第610回 歴史を遡るアユタヤクルーズ 直井謙二

歴史を遡るアユタヤクルーズ

タイ観光の目玉の一つは首都バンコクから古都アユタヤまでの船の旅だ。アユタヤはバンコクの北80キロの場所にある。道路が整備され、車なら1時間強で到着するが、古代をしのびながら3時間ほどかけて船でチャオプラヤ川を遡る旅もお勧めだ。

出発は大都会の喧騒のなかバンコクの船着場から始まる。クルーズ船は2階建て、3階建てのかなり大きな船で穏やかな大河を航行するので揺れることもなく船酔いの心配はない。船からの景色もバンコクの発展と共に様変わりしているのを見ることができる。

コメの国、タイのシンボルだったコメの集積場とコメを出荷する艀はここ20年で姿を消した。チャオプラヤ川を利用した物流が道路の整備でトラックなど陸路にとって代わったためだ。広大なコメの集積所はショッピングモールや高層のマンションになっている。それでもサマセットモームが定宿にした「オリエンタルホテル」や向かい側の暁の寺「ワットアルン」は変わらない姿を見せている。(写真)バンコクは現代のチャクリ王朝が都を開くまでは広大な湿地帯だったと言われても想像がつかない。

船の中でランチを食べている間に景色が変化する。高層ビルは姿を消し、庶民の生活が垣間見える住宅地や寺が増えてくる。クルーズ船は川の主流を通るが、少し支流に入れば観光用ではない水上マーケットや水上に浮かぶ学校にボートで通う小学生の姿も見ることができる。高度経済成長とは無縁の昔ながらの生活が息づいている。

アユタヤに近づくにしたがって14世紀半ばから400年栄えたアユタヤ王朝の都を目指した日本の戦国武将や商人のイメージがわいてくる。バンコクの湿地帯を抜けたご朱印船が間もなくアユタヤの船着場に到着する。
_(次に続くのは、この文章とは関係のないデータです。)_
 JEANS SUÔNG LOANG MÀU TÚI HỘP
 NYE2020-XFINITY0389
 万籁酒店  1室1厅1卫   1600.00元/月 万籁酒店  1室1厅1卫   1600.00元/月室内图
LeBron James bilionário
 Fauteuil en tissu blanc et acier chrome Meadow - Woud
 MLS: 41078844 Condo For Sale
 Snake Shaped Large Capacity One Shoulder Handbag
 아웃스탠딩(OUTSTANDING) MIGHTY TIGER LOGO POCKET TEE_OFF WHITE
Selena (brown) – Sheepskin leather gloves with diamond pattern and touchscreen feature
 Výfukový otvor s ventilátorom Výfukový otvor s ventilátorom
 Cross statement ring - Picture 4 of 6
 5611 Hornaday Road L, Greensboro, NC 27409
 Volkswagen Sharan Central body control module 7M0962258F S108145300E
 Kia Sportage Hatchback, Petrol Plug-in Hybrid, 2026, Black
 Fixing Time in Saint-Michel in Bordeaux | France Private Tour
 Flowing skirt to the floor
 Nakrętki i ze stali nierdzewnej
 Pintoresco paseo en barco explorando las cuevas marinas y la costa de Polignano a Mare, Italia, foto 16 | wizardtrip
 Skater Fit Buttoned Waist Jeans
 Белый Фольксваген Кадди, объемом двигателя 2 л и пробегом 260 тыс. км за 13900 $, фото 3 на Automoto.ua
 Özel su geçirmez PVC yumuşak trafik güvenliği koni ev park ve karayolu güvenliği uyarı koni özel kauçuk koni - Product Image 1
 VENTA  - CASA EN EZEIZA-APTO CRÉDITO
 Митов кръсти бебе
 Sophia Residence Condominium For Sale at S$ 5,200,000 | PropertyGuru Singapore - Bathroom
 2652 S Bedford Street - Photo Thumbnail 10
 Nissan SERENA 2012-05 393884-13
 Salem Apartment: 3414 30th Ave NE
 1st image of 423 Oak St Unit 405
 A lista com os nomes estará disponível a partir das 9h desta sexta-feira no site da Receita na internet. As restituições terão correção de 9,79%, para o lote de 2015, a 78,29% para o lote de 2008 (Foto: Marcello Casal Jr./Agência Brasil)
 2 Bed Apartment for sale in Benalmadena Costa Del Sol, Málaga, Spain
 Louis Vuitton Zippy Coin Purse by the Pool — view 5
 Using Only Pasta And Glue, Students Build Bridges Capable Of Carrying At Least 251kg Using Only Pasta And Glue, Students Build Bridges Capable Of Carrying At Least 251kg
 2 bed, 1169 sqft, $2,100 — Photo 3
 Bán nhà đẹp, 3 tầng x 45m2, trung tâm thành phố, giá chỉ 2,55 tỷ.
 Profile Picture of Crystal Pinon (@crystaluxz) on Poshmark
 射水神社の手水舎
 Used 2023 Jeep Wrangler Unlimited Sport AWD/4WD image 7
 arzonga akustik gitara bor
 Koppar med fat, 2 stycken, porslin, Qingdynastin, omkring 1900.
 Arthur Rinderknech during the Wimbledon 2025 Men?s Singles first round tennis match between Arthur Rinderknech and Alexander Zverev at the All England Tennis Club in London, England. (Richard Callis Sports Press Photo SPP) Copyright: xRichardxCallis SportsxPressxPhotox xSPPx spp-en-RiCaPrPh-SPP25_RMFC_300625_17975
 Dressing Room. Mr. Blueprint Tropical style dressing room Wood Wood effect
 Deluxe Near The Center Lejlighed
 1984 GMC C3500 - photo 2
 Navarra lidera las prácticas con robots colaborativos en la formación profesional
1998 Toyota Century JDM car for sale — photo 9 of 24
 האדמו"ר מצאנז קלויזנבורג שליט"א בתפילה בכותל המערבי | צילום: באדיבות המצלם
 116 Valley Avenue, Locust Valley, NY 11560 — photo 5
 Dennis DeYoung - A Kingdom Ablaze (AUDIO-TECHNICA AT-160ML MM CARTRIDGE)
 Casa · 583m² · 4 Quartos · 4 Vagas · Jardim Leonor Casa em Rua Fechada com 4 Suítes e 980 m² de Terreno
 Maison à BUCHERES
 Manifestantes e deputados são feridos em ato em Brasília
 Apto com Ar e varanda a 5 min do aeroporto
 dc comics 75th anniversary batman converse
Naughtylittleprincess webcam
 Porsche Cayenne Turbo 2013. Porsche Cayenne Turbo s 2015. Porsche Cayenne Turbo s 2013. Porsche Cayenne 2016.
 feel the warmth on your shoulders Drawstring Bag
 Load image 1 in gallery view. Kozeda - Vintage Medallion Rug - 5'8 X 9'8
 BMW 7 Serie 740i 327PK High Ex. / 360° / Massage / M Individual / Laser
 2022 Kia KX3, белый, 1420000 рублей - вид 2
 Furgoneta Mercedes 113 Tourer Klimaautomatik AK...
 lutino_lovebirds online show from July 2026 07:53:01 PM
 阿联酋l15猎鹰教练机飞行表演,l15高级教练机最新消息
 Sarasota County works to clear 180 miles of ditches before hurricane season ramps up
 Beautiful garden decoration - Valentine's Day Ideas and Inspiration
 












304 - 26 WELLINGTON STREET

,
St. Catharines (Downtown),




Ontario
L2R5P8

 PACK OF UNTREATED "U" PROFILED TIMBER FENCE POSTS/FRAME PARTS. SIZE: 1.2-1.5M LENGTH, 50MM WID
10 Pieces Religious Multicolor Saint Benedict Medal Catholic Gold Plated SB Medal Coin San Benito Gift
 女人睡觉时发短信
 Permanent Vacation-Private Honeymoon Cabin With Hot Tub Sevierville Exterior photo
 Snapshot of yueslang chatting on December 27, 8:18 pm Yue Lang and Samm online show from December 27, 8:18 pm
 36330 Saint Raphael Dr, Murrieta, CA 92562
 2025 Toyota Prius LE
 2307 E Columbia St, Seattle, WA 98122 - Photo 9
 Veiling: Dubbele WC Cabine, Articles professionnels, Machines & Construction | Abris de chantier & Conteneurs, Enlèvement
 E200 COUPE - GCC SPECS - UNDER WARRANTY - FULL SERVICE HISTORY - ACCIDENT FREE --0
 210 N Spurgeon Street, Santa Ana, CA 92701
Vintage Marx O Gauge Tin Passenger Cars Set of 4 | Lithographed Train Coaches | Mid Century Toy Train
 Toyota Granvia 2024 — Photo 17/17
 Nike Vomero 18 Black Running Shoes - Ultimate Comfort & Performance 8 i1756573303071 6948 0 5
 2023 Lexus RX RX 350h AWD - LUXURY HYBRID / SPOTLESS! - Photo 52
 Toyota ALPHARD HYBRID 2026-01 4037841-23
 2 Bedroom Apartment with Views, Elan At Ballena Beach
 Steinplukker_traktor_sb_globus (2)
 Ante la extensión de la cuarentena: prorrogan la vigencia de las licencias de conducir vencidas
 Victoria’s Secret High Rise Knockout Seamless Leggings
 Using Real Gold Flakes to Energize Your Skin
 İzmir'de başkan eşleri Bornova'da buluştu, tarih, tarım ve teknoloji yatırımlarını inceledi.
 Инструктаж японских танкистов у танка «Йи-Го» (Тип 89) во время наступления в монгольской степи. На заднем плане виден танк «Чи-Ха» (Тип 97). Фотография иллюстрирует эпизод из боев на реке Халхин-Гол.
秀吉の天下統一で天下取りの夢破れた戦国武将や一攫千金を狙う商人も日本語の通じないアユタヤに不安と期待が入り混じっていたに相違ない。

アユタヤは1761年ビルマ軍の攻撃で破壊された。崩れた王宮やアユタヤのシンボルワット・プラ・サンペットそれにワット・ヤイ・チャイ・モンコンなどの遺跡巡りが人気を呼んでいる。チャクリ王朝初期の18世紀末、中華街建設のためアユタヤ遺跡の煉瓦が大量に持ちさられた。

1991年、世界遺産に指定されてから遺跡の保存ばかりでなく公園としての整備も進んでいる。急速に発展し高層ビルが立ち並ぶバンコクから庶民の生活そして遺跡へと風景の変化ばかりでなく現代から400年とう時を遡る船旅は世界の観光客を楽しませている。